INSTRUCTIONS TO FOLLOW: Nothing but the lines from the one containing "Funghi porcini foresta" through the end of the data below should appear in the answer, each exact and free of pictures.

DATA EXTRACT:
----------

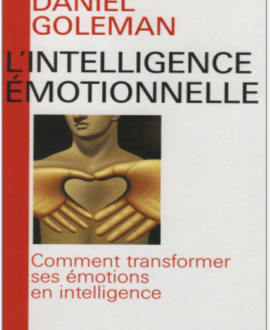 L'intelligence émotionnelle : Comment transformer ses émotions en intelligence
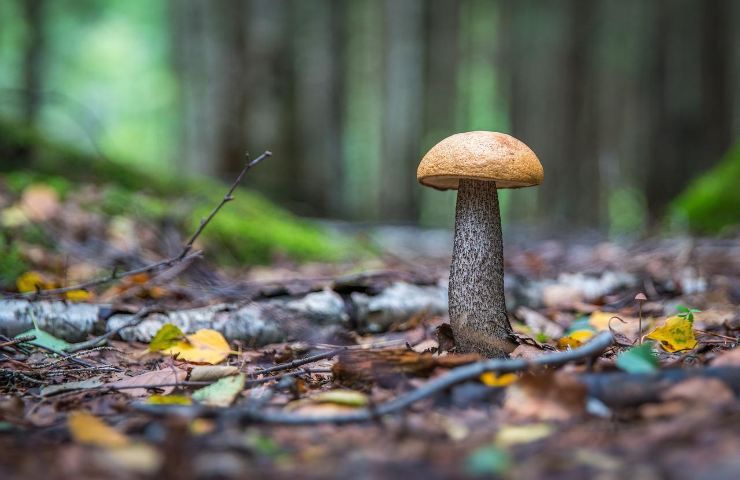 Funghi porcini foresta 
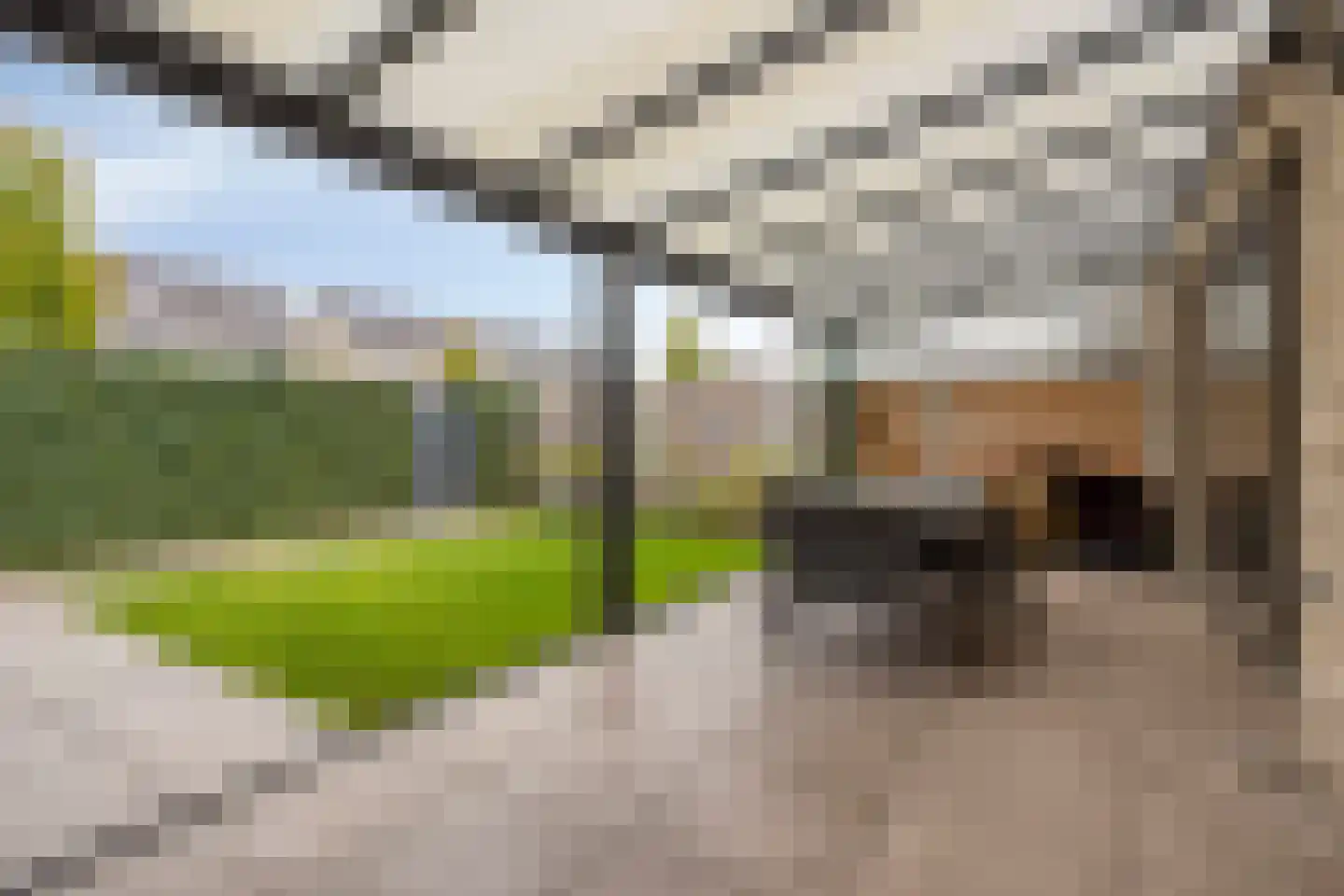 Vuurlibel 14 Son en Breugel thumbnail 41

----------

RESPONSE TO THE EXERCISE:
 Funghi porcini foresta 
 Vuurlibel 14 Son en Breugel thumbnail 41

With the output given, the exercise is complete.